Worker claims the job from the queue.

# Worker claims job
async def worker_loop():
    while True:
        job = await queue.dequeue()
        job.status = JobStatus.PROCESSING
        job.started_at = datetime.utcnow()

        try:
            result = await execute(job)
            job.status = JobStatus.COMPLETED
            job.result = result
        except Exception as e:
            job.status = JobStatus.FAILED
            job.error = str(e)

PROCESSING → COMPLETED

Job finishes successfully.

{
    "job_id": "job_abc123",
    "status": "COMPLETED",
    "progress": 100,
    "started_at": "2024-01-15T10:30:00Z",
    "completed_at": "2024-01-15T10:35:00Z",
    "duration_seconds": 300,
    "result": {...}
}

PROCESSING → FAILED

Job encounters an error.

{
    "job_id": "job_abc123",
    "status": "FAILED",
    "progress": 45,
    "started_at": "2024-01-15T10:30:00Z",
    "failed_at": "2024-01-15T10:32:00Z",
    "error": "Connection timeout to upstream server",
    "attempts": 2,
    "max_retries": 3
}

FAILED → QUEUED (Retry)

Job is requeued for retry if attempts remain.
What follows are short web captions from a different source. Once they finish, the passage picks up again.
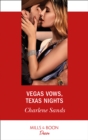 Vegas Vows, Texas Nights - eBook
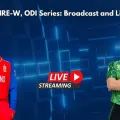 England vs Ireland 2026, Women’s ODI series: Broadcast, Live Streaming details – When and Where to watch in USA, UK, Australia and other countries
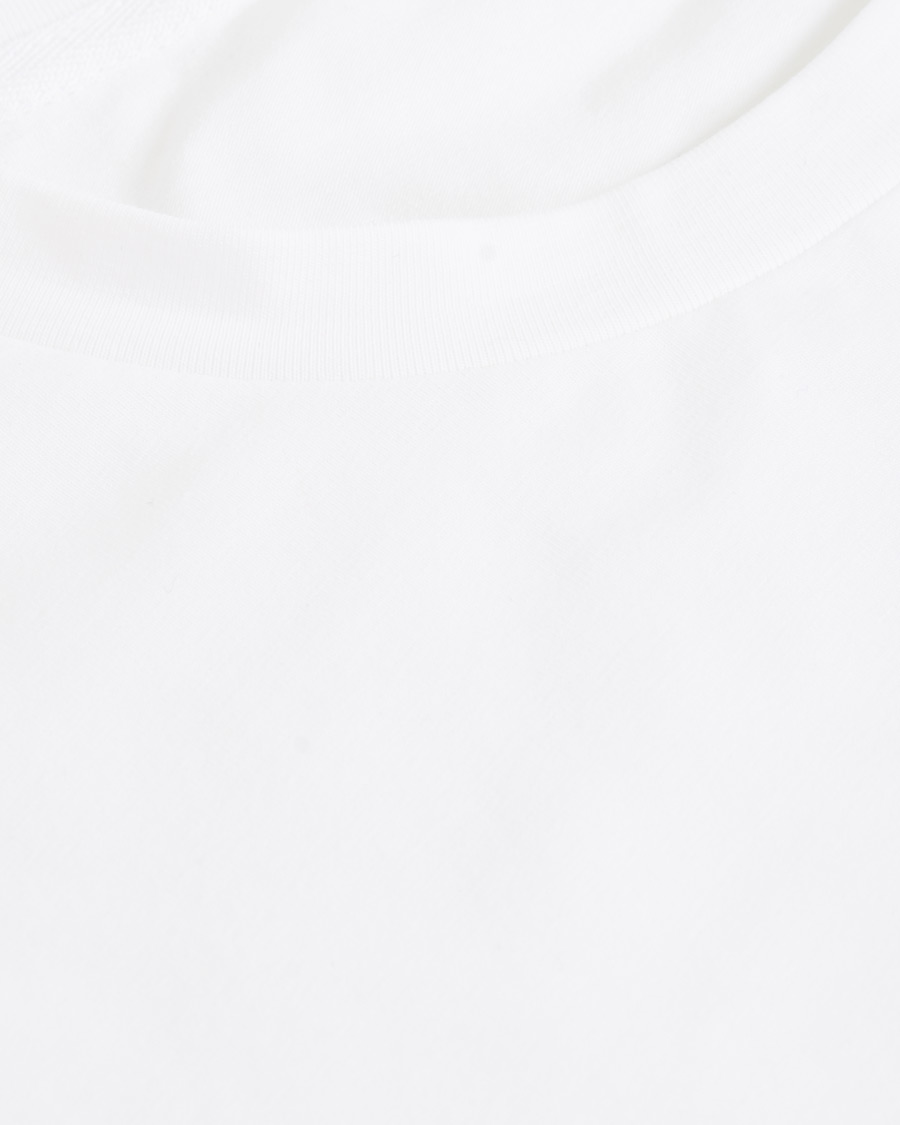 Homme | T-shirts | Filippa K | Soft Lycra Tee White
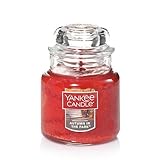 Yankee Candle Autumn In The Park Small Jar Candle, Fresh Scent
if job.attempts < job.max_retries:
    job.attempts += 1
    job.status = JobStatus.QUEUED
    await queue.enqueue(job, delay=backoff(job.attempts))
else:
    job.status = JobStatus.FAILED  # Final failure

PROCESSING → CANCELLED

User cancels the job.

# API request
DELETE /api/v1/jobs/{job_id}

# Result
{
    "job_id": "job_abc123",
    "status": "CANCELLED",
    "cancelled_at": "2024-01-15T10:33:00Z"
}

Progress Tracking

Jobs report progress during execution:

# Worker reports progress
async def execute_crawl(job):
    urls = discover_urls(job.params.query)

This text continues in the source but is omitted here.